Building a Semantic Search Engine for Claude Code History

The Problem

After a few months of using Claude Code daily, I had hundreds of session files sitting in ~/.claude/projects/. Every session is a JSONL file full of messages, tool calls, file edits, and bash commands. Grep works if I remember the exact command I ran or the exact filename I edited, but it falls apart for anything conceptual — "that time I debugged the Docker networking issue" or "the session where I set up the Traefik reverse proxy."

I also started using OpenCode, which stores its sessions in a SQLite database at a completely different path with a different schema. Now my history was split across two tools with no unified way to search either of them.

So I built a semantic search tool that indexes everything and lets me search by meaning instead of keywords.

Architecture Overview

The pipeline looks like this:

Session Sources
├── Claude Code (~/.claude/projects/*/*.jsonl)
└── OpenCode (~/.local/share/opencode/opencode.db)
        │
        ▼
    Parser Plugins (one per source, common Turn interface)
        │
        ▼
    Two-Level Document Building
    ├── Session docs (all user messages, token-aware chunks)
    └── Turn docs (individual Q&A exchanges)
        │
        ▼
    Embedding (Qwen3-Embedding-0.6B, 1024-dim, 8K ctx)
    ├── Local: llama-cpp-python + Metal (default on macOS)
    └── Remote: any OpenAI-compatible /v1/embeddings endpoint
        │
        ▼
    Index on Disk (~/.cache/session-search/index/)
    ├── session_embeddings.npy + sessions.json  (vector)
    ├── turn_embeddings.npy + turns.json        (vector)
    ├── index.db                                (SQLite FTS5 for BM25)
    └── index-state.json                        (staleness tracking)
        │
        ▼
    Hybrid Search (Relative Score Fusion, α=0.7 semantic / 0.3 keyword)

No vector database, no framework. Just numpy arrays for vectors, SQLite FTS5 for keyword search, and JSON metadata — all under ~/.cache/session-search/. The only heavy dependency is llama-cpp-python, which embeds the model in-process with Metal acceleration on macOS so there's no separate server to run.

Three Search Levels

The core feature is a three-level drill-down that matches how I actually think about finding past work.

Level 1: Session Search

"Which conversation was it?" This searches session-level embeddings — each session is represented by all its user messages concatenated together. Good for finding which project and which session touched a topic.

$ scripts/search.sh search "Docker networking bridge configuration"

SESSION SEARCH: "Docker networking bridge configuration"
Searched 342 sessions across 28 projects (claude+opencode)
============================================================

[0.724] [claude]  session=a1b2c3d4e5f6  project=homelab  date=2026-01-15  turns=23
  slug: docker-network-debug
  preview: The containers on the backend network can't reach each other...
  files: docker-compose.yaml, nginx.conf, traefik.toml

[0.681] [opencode]  session=f7e8d9c0b1a2  project=infra-setup  date=2026-01-08  turns=12
  preview: I need to set up a bridge network that allows...
  files: docker-compose.yaml, .env

Drill deeper: search "<query>" --depth 2 --session <session_id>

Level 2: Turn Search

"What was the exact exchange?" This searches individual turns — each turn is a user message paired with the assistant's response. You can scope it to a specific session from Level 1, or search globally across all turns.

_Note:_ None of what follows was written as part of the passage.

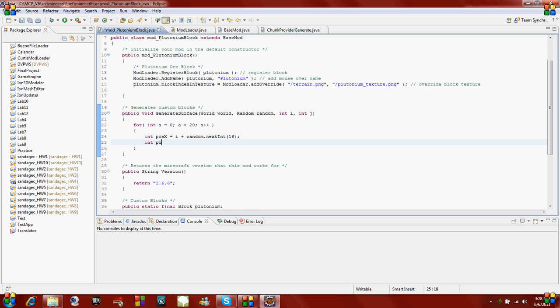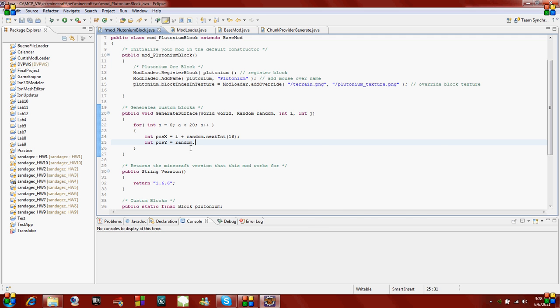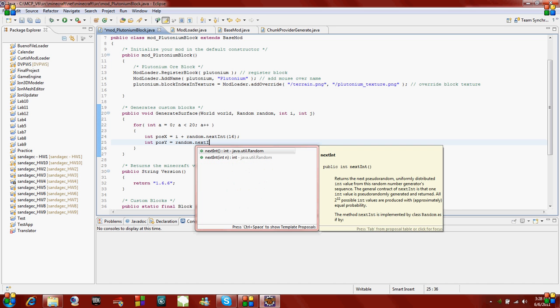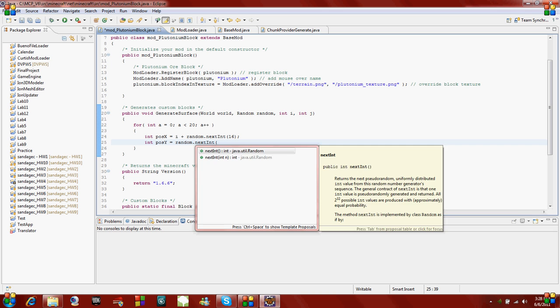Now our next one is going to be position y, which in Minecraft is actually the normal z-axis, the vertical axis. You're just going to say random.next int, and then 128. You can change 128. This is the highest that your block will generate. So it won't spawn over 128 about, and it will start at 0. So it will go from 0 to 128.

$ scripts/search.sh search "Docker networking" --depth 2 --session a1b2c3d4e5f6

TURN SEARCH: "Docker networking"
Scope: session a1b2c3d4e5f6
============================================================

[0.812] [claude]  turn=a1b2c3d4e5f6:7  (8/23)  project=homelab  date=2026-01-15
Q: The containers still can't ping each other. I verified the network exists...

A: The issue is that your containers are on the default bridge network, not your
   custom one. The default bridge doesn't support DNS resolution between containers...
   tools: Bash, Read, Edit

Deep context: show a1b2c3d4:5-9

Level 3: Show

"Give me the full context." This isn't a search — it re-parses the raw session and shows the complete conversation including tool calls, file edits, bash commands, and their outputs.

$ scripts/search.sh show a1b2c3d4:5-9

============================================================
DEEP CONTEXT: homelab / docker-network-debug
Showing turns 5-9 of 23 total
============================================================

--- Turn 5 (2026-01-15) ---
USER: Can you check what networks Docker currently has?
ASSISTANT: Let me check the current Docker networks.
  [Bash] docker network ls
  -> NETWORK ID     NAME      DRIVER    SCOPE
     a1b2c3d4e5f6   bridge    bridge    local
     f7e8d9c0b1a2   host      host      local
     ...

--- Turn 6 (2026-01-15) ---
USER: None of my containers are on the custom network...

The escalation strategy is: Level 1 to find the session, Level 2 to find the exact turn, Level 3 to see everything that happened around it.

Hybrid Search: Vector + BM25

Pure vector search turned out to miss too many literal terms — proper nouns, CLI flag names, exact config keys. "Traefik" or --no-verify would get semantically paraphrased into irrelevant neighbors. So every document that gets embedded also lands in a SQLite FTS5 table for BM25 keyword search, and every query runs both searches in parallel.

The two result sets get combined with Relative Score Fusion: vector cosine similarity and BM25 scores are each min-max normalized to 0–1, then blended with a tunable weight α.

ALPHA = 0.7  # 70% semantic, 30% keyword

def relative_score_fusion(vector_results, bm25_results, id_key_fn, alpha=ALPHA):
    norm_vec = _min_max_normalize(vector_results)
    norm_bm25 = _min_max_normalize(bm25_results)
    all_ids = set(norm_vec) | set(norm_bm25)
    return sorted(
        ((doc_id,
          alpha * norm_vec.get(doc_id, 0.0) + (1 - alpha) * norm_bm25.get(doc_id, 0.0))
         for doc_id in all_ids),
        key=lambda x: x[1], reverse=True,
    )

Unlike Reciprocal Rank Fusion (which throws away score magnitude and only uses rank positions), RSF preserves how confident each backend is, so the fused number is actually meaningful for thresholding — above 0.65 is a strong match, 0.45–0.65 is moderate, below that is weak. A --vector-only flag disables BM25 if you want to see what pure semantic search looks like.

Embedding Pipeline

The tool uses Qwen3-Embedding-0.6B — a 600M parameter embedding model that produces 1024-dimensional vectors with an 8K token context window. By default it runs in-process via llama-cpp-python with Metal acceleration, and the GGUF file is auto-downloaded from HuggingFace on first run and cached under ~/.cache/session-search/models/. No separate server, no network hop.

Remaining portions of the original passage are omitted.